Government's transport policy confusing: experts

By Shelley Shan  /  STAFF REPORTER

Transportation researchers on Thursday criticized giving sales tax breaks to motorcycle and car buyers, saying it was confusing the public about the government’s public transportation policy.

The legislature’s Finance Committee approved on Monday an amendment to Section 1 of Article 12 in the Commodity Tax Act (貨物稅條例). Those purchasing passenger and cargo motor vehicles that are below 2,000 cylinder capacity this year are entitled to a sales tax break of NT$30,000 per vehicle. Motorcycle buyers also get a sales tax break of NT$3,000.

CONSERVING ENERGY

Chang Sheng-hsiung (張勝雄), an assistant professor at Tamkang University’s Transportation Management Department, said the government had asked the public to conserve energy and reduce carbon dioxide emissions when oil prices were skyrocketing last summer. Because of this, public transportation users increased by 30 percent around that time.

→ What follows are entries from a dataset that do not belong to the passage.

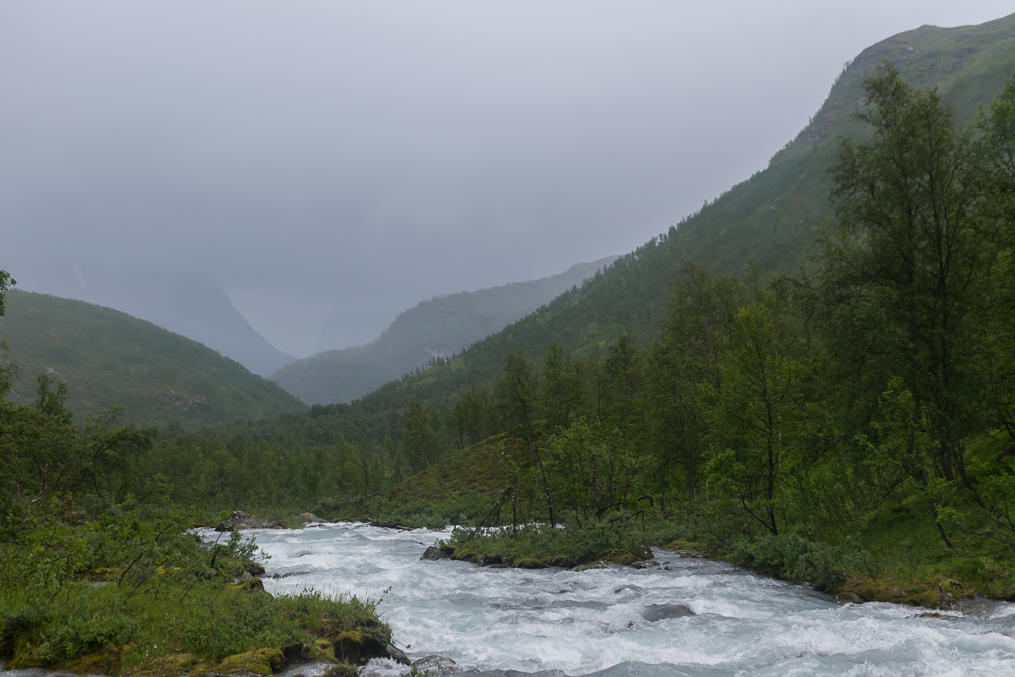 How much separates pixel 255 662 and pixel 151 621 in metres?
3.19

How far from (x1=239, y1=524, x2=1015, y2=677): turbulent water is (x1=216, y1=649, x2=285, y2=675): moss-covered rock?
1990 millimetres

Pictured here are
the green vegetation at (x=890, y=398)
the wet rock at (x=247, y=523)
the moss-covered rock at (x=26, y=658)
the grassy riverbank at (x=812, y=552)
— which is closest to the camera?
the moss-covered rock at (x=26, y=658)

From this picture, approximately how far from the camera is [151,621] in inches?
433

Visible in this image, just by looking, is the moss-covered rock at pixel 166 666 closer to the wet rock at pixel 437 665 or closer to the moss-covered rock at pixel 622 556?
the wet rock at pixel 437 665

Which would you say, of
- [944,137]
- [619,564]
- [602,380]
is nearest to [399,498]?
[602,380]

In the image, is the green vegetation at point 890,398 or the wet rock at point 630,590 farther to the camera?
→ the wet rock at point 630,590

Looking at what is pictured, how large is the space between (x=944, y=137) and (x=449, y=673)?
83.2 ft

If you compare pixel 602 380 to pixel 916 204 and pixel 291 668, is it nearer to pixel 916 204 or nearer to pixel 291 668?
pixel 916 204

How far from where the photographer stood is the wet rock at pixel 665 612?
15484 millimetres

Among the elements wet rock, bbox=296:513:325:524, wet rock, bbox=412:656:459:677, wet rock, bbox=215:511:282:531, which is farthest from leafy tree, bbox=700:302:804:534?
wet rock, bbox=296:513:325:524

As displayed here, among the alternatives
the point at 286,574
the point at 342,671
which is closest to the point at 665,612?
the point at 342,671

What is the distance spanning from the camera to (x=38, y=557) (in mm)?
12586

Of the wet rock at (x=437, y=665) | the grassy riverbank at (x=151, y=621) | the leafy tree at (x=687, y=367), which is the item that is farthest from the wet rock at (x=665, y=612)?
the leafy tree at (x=687, y=367)

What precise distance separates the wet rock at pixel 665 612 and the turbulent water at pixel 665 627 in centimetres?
13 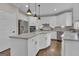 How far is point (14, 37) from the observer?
1469mm

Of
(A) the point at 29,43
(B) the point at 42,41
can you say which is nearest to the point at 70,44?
(B) the point at 42,41

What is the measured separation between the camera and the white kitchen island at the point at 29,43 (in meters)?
1.49

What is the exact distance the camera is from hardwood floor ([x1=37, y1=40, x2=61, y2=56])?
1479 mm

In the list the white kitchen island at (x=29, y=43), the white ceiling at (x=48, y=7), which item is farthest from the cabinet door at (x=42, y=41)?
the white ceiling at (x=48, y=7)

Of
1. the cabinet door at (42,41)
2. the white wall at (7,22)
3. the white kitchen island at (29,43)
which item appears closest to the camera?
the white wall at (7,22)

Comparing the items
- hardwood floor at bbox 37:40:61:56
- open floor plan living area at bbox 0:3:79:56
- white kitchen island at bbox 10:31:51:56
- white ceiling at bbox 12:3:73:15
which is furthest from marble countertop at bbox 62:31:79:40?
white ceiling at bbox 12:3:73:15

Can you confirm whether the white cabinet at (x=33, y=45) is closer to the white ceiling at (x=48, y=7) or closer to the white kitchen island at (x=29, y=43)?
the white kitchen island at (x=29, y=43)

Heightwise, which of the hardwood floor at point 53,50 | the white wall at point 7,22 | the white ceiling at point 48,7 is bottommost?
the hardwood floor at point 53,50

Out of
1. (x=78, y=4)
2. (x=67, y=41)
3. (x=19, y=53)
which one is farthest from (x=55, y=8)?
(x=19, y=53)

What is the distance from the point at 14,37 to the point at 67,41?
3.06 feet

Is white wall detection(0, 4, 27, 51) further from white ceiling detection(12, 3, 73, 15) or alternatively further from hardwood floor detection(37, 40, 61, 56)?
hardwood floor detection(37, 40, 61, 56)

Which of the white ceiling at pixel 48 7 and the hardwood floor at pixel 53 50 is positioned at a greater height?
the white ceiling at pixel 48 7

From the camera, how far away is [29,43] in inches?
62.6

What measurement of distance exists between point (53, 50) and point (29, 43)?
454mm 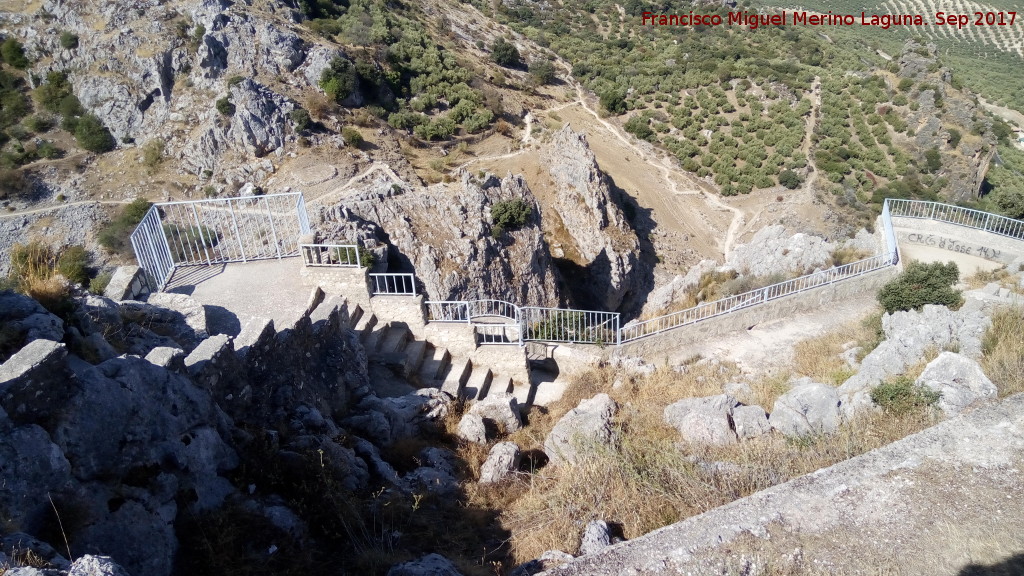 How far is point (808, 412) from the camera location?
26.9ft

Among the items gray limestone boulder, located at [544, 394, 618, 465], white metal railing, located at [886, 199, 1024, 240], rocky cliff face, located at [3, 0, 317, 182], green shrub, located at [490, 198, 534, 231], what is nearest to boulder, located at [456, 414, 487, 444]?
gray limestone boulder, located at [544, 394, 618, 465]

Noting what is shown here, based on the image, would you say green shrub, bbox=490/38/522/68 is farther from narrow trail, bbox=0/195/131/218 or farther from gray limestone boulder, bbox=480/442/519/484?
gray limestone boulder, bbox=480/442/519/484

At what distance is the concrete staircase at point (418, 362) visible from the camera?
10969 mm

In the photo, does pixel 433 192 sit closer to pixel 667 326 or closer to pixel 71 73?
pixel 667 326

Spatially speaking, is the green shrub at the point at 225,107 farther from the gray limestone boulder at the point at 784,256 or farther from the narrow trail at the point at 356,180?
the gray limestone boulder at the point at 784,256

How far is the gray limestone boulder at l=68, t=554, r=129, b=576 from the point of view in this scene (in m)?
3.39

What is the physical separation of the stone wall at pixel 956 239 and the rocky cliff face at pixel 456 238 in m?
11.3

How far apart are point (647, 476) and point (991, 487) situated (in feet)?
10.8

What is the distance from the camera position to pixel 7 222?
88.6 ft

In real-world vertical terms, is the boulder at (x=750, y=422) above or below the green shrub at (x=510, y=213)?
above

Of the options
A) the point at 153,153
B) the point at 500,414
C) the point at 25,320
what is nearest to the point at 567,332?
the point at 500,414

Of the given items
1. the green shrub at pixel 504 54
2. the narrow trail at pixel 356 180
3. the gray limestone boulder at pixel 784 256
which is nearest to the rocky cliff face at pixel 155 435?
the gray limestone boulder at pixel 784 256

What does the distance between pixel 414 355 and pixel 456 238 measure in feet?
22.3

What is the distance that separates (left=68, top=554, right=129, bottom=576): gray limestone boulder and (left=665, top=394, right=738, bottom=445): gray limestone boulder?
278 inches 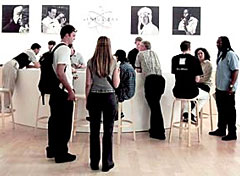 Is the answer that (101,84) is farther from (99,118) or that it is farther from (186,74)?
(186,74)

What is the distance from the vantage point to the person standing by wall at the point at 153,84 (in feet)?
17.4

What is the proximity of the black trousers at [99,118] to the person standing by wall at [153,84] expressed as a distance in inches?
68.1

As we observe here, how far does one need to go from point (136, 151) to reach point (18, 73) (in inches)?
107

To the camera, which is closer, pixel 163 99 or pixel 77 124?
pixel 77 124

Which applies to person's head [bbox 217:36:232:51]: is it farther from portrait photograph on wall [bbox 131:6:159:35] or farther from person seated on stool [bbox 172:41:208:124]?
portrait photograph on wall [bbox 131:6:159:35]

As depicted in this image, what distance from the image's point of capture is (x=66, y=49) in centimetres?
376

However, the government did not enforce the same policy when oil prices slid toward the end of last year and instead chose to subsidize car and motorcycle buyers.

“Every year, the government has to give public transportation service providers approximately NT$800 million [US$24.1 million] in subsidies to help fund their operations, which has already been a burden to the nation,” he said at a seminar organized by the Taipei Traffic and Culture Foundation.

“But the government now wants to spend NT$9 billion funding the car buyers. You wonder what the government’s public transportation policy is, exactly,” Chang said.

LOSSES

Huang Tai-sheng (黃台生), an ssociate professor at the institute of traffic and transportation at National Chiao Tung University, told the same seminar that rising oil prices led to huge financial losses for the transportation sector.

As oil prices are expected to fluctuate more frequently than before, the government has to be aware of its impact on the public transportation industry and how it affects consumers, he said.